PIANO STORIES II 〜The Wind of Life〜 Part 2 Ensembles Night

■オープニングの”794BDH”はマツダ「ファミリア4WD」CM曲。後にCM曲を集めたアルバム「CURVED MUSIC」に収録。”Sonatine”は1993年公開の北野武監督の話題作「Sonatine」メインテーマ。スリリングなメロディラインが印象的。”Modern Strings”はアルバム「I am」(1991)の中でも、ストリングスの裏アップ・ビートのカッティングが耳に残る、過激な作品。センチメンタルなタンゴの響きが懐かしい”Tango X.T.C.”は1992年のソロアルバム「My Lost City」に収録。

■『MKWAJU(ムクワジュ)』と題したこのコーナーでは、1981年にリリースされたアルバム「MKWAJU」から4曲演奏される。パーカッション・グループ、ムクワジュ・アンサンブルのために書かれたこの組曲は、アフリカの民族音がうから得た音型をもとに、アフリカのリズムが持っている多重的なリズム要素を、構造として”見せる”ことを目的として作曲した作品。ミニマル・ミュージックのおもしろさも味わえる。
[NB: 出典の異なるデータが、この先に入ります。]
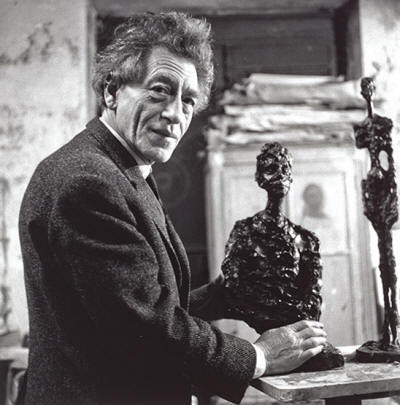 Alberto Giacometti, holding a sculpture, Paris, 1966 © Gisèle Freund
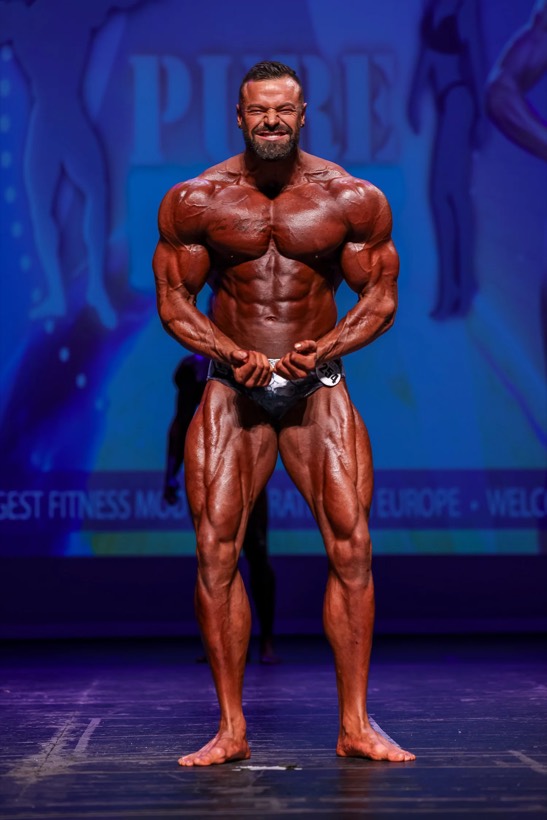 Team CJM competitor on stage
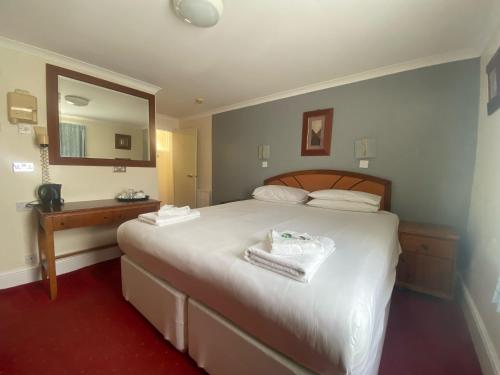 a bedroom with a large white bed and a mirror at The Beach Hotel in Brighton & Hove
■この秋の新譜「PIANO STORIES II ~The Wind of Life」は、ピアノ&ストリングスの編成を中心としたアコースティック・インスト・アルバム。このコンサートでは、久石譲のプロデュース&アレンジによるストリングス、木管等のアンサンブルが、斬新なサウンドを聴かせてくれる。『アンサンブルの魅力』を充分に堪能できる構成となっている。

■”DA・MA・SHI・絵”はアルバム「α-BET-CITY」の中の1曲。原曲は、ミニマル的なサンプリングによる弦楽器、管楽器の響きが心地よい、オーケストラ的な広がりを持つ作品。

 

 

PIANO STORIES II 〜The Wind of Life〜 Part 3 Piano Solo Night

Part 3 Piano Solo Nightでは、これまでリリースしてきた代表的なアルバムの中からセレクトした曲を、ピアノソロそして、ピアノプレーヤーとのジョイントによる演奏で構成していく。「MKWAJU」「I am」「PIANO STORIES」「PIANO STORIES II ~The Wind of Life」等は、いずれも、その音のイメージひとつひとつが吟味され表現されたアルバム。久石譲の感性が光るメロディ・ラインが、独自のピアノ・ワールドを創り上げる。

■ピアノプレーヤーとの”協演”
〈ピアノ・ソロ・ナイト〉で独自の世界を表現するのは、一人と一台の織りなす美しいハーモニー。ピアノプレーヤーがひとつのテーマを繰り返し、そこに生で演奏されるピアノが絡んでゆく。”久石ワールド”が2台のピアノによって紡ぎ出される。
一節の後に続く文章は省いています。